Not only can VASA-1 produce lip movements that are “exquisitely synchronized” with the audio, it can also capture a “wide range” of facial nuances and natural head movements that contribute to the perception of authenticity and vibrancy. Masu.
Microsoft has developed “holistic facial dynamics” and head motion generation models that work in the latent space of the face. The company says, “Overall, it significantly outperforms conventional methods.”
VASA is currently just a research demonstration and we have no plans to release a product or allow others to use the API. Essentially, Microsoft just wants to show off its lip-syncing model.
According to the company, VASA will accept requests such as where the character should look, the crop above the subject’s head, and the emotion during conversation (neutral, happy, angry, surprised, etc.).

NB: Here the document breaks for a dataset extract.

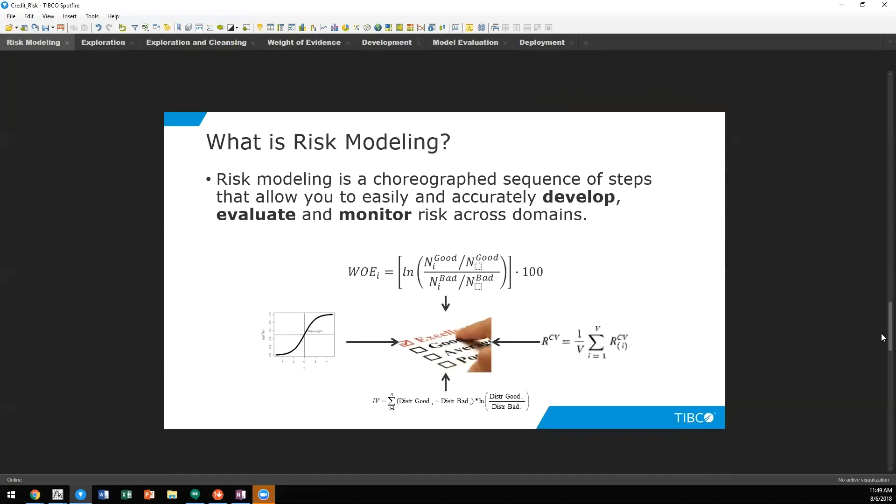Risk modeling is a comprehensive strategy for developing, evaluating, and monitoring risk across many domains. Within this one topic of risk modeling, we're incorporating everything from data prep, including advanced topics such as weight of evidence.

Microsoft demonstrated VASA by using DALL-E 3 or StyleGAN2 to generate AI images of people, but real photos can also be used. For example, the president of the United States could be forced to say things they didn’t say, which could raise ethical questions about deepfakes and misinformation.
“Our research focuses on generating visual emotional skills for virtual AI avatars with the aim of positive applications,” Microsoft says on its VASA-1 research page.
“It is not intended to produce content that will be used to mislead or deceive. However, like other related content generation technologies, it can be misused to impersonate humans. .
“We oppose any activity that creates misleading or harmful content based on real people, and we are interested in applying our technology to advance counterfeit detection. have.
“Currently, videos produced in this way still contain discernible artifacts, and numerical analysis shows that there is still a gap in achieving real-world video reliability. ”
This is true, and the example Microsoft posted still has the feel of: uncanny valley About them. However, not everyone is so media savvy, and some believe that the VASA-1 video is real.